Some use caffeine – you probably won’t go any faster with it but it may help you concentrate – you don’t need pain killers – you need to learn to concentrate – good run technique is the key – practice this in training.

Starting from Zero

I had a new athlete start with me two weeks ago who for the past few years have done nothing in regards to training.  In fact, he charged his Garmin three weeks ago and the data that came up on his screen was from a DFN Ironman three years prior. From my understanding, this was his last activity he has done.

He wants to celebrate his retirement with a comeback to triathlons and has gone so far to and booked in for an Ironman that is just under a year away.

He was worried about when and how to start and going from doing nothing into a full training schedule.  He mentioned he may start in a month or two. I explained that I was keen to only start him off week one with one swim, one bike and one run and we will slowly build from there. Now this sparked his interest and he was ready to get started training right away.

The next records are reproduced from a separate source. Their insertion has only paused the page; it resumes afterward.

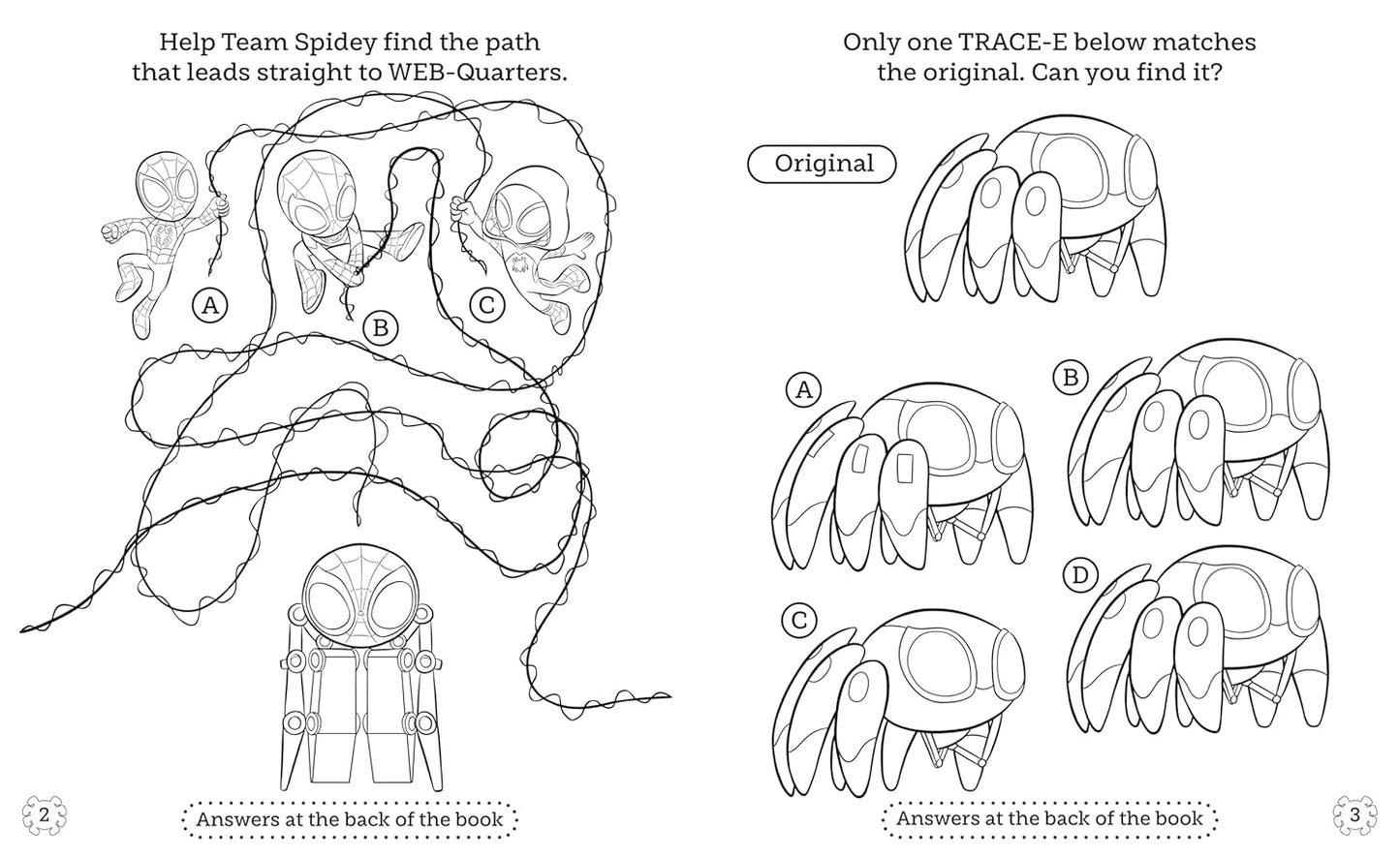 Inside page of Marvel Spidey and His Amazing Friends: Team Spidey’s Activity Adventure Book with colourful puzzles and press-outs for kids
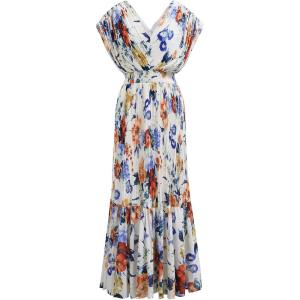 imageCHICWISH Women Floral Pleated Chiffon Maxi Dress V Neck Short Sleeve Elastic Waisted Flowy Summer Long DressesBlue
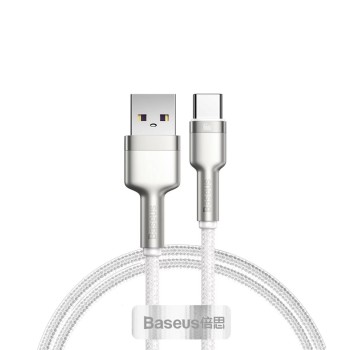 Cablu de Date USB la Type-C, 66W, 1m - Baseus Cafule Series Metal (CAKF000102) - White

Over the next three months, all I am doing with this athlete is getting his body ready to train consistently trying to limit the risk of injury and most of all build his confidence through the training.  He has had three full years off so the next six months needs to be handled with care.

To give an insight to his first week:


Tuesday – Swim 900m

Warm Up:

  • 2 x 50 freestyle
  • 2 x 50 freestyle with fins
  • 2 x 50 pull buoy and paddles
  • 2 x 50 freestyle

Main Set:

Multiple sink downs in deep end – until you’re really comfortable exhaling (e.g. 3 x 3)

  • 4 x 25
  • 2 x 50 easy freestyle B3s
  • 100 freestyle with pull buoy breathing every 3/5/3/5 strokes
  • 100 freestyle breathing every 3 strokes

Cool down:

  • 100m choice


Thursday – Run 30min

Run 3min at a moderate effort, walk 1min


Saturday – Bike – 30min

All moderate effort


This is it.  A very achievable week of training.  This will be his first step to finishing an Ironman in 49 weeks.

The Ten-Day Diet Restriction

This is a great diet to lose some extra weight ready for that big race.  Given to me by my mentor Allan Pitman, the bases of this ten day challenge are:
• No Wheat
• No Sugar
• No Dairy

You can have beef/ham, chicken, fish (tin or fresh) and as much vegetables as you like. No need to go hungry. For the people who are active including athletes, include one cup of cooked brown rice.

Burning Energy
This diet is more of a high fat/low carb diet that is similar to the paleo and other high fat diets. While this is a high fat diet, this doesn’t mean fried fat. This is healthy fats found in the allowed foods within this diet.

What to expect
Most people on average will lose between 2kg and 5kg within the ten days. This diet restriction doesn’t need to be a ten day challenge; it can easily become a lifestyle.
You will find that by the end of the challenge, you will have more energy and need less fuel than before.